Next-generation sequencing (NGS) has led to considerable advances in the comprehensive analysis of genomic alterations in cancer research and clinical application (10,11). At present, the detection of genomic alterations in tumors is primarily reliant on cancer tissue analysis. Despite the benefits and therapeutic insights offered by tissue sample testing, spatial and temporal tumor heterogeneity, and insufficient and unacquirable specimens can lead to limitations in the use of tissue-based sequencing (12,13). Circulating tumor DNA (ctDNA), released into the plasma from apoptotic and necrotic tumor cells derived from primary tumors and metastatic lesions, are comprised of tumor-specific sequence alterations and may be an alternative target to tissue sample biopsies (14–16). An increasing body of evidence has indicated that ctDNA testing could be utilized for patients without acquirable tissue samples to screen for genetic variations and thus guide treatment decisions in patients with NSCLC (17–19).
Despite the increasing utilization of plasma ctDNA mutations in guiding clinical decisions, few studies have evaluated whether the frequency of multiple genomic alterations observed following ctDNA sequencing is similar to that observed following tissue sequencing in NSCLC (17,20). Therefore, in order to investigate the associations in the frequency of comprehensive genomic alterations between ctDNA and tissue profiling in Chinese patients with NSCLC, the present study analyzed 59 plasma ctDNA samples and 40 tissue samples via targeted NGS. The results provide important insights into the potential benefits of ctDNA profiling in patients with NSCLC in clinical practice.
Materials and methods
Patients and sample collection
The present study enrolled 99 patients with NSCLC who were baseline or previously treated at the Hunan Cancer Hospital (Changsha, China) between September 2017 and April 2018. The specimens included 59 plasma and 40 tissue samples. The inclusion criteria for the patients were as follows: i) Patients were diagnosed with NSCLC by histopathology or cytology; ii) tissue specimens were confirmed by qualified pathologists, from Hunan Cancer Hospital who were blinded to the study and ensured >30% tumor content; and iii) at least 150 ng and 15 ng DNA from each tissue and ctDNA sample, respectively, were successfully extracted. Patients who had other malignant tumors and serious mental illness were excluded. Written informed consent was provided by all participants. All experiments were approved by and performed in accordance with the relevant guidelines and regulations of the Committee of Medical Ethics of Hunan Cancer Hospital.
Targeted deep sequencing
ctDNA was isolated from ≥2 ml plasma with a QIAamp Circulating Nucleic Acid kit (Qiagen GmbH) according to the manufacturer's protocol. Tissue DNA was extracted using the QIAamp Genomic DNA kit (Qiagen GmbH). The quality of the DNA and DNA quantification were assessed using the Agilent 2100 BioAnalyzer (Agilent Technologies, Inc.) and Qubit ds DNA HS assay kit (Thermo Fisher Scientific, Inc.).

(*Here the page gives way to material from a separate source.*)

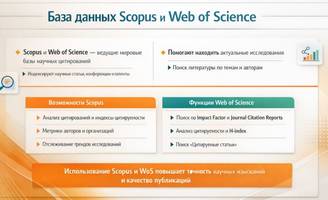 База данных Scopus и Web of Science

Sequencing libraries were constructed according to the Illumina standard library construction instructions (Illumina, Inc.). Genomic DNA extracted from tissue samples was first sheared to 250 bp with an ultrasonoscope. The fragmented DNA was subjected to end-repairing, A-tailing and ligation to the adapters with barcode sequences. Subsequently, PCR was performed and the resulting products were purified with AMPure XP magnetic beads (Agencourt AMPure XP kit; Beckman Coulter, Inc.) according to the manufacturer's protocol. The various libraries were then hybridized with a nine-gene panel, which was enriched for the coding regions and selected introns of genes with known relevance to NSCLC. The target-enriched libraries were then pooled and sequenced on an Illumina HiSeq2500 NGS platform (Illumina, Inc.). The sequencing depth was >10,000×. Reads were aligned to the human genomic reference sequences (hg19) using the Burrows-Wheeler alignment (BWA) tool (21). Local realignment and base quality score recalibration were conducted using GATK software (version 2.3; software.broadinstitute.org/gatk) (22). MuTect2 (version 1.1.1; software.broadinstitute.org/cancer/cga/mutect) with the recommended parameters was used to identify single-nucleotide variants (SNVs) and small insertions or deletions (INDELs) (23). Copy number variants (CNV) calling was performed with CONTRA software (version 2.0.4; contra-cnv.sourceforge.net) (24).
The cancer genome Atlas (TCGA) datasets
Multiplatform genomics data was previously published in The Cancer Genome Atlas (TCGA; cancergenome.nih.gov). In total, 1,144 NSCLC cases comprising 660 patients with lung adenocarcinoma (AD) and 484 patients with lung squamous cell carcinoma (SC) were included in TCGA cohort with gene mutation data (25).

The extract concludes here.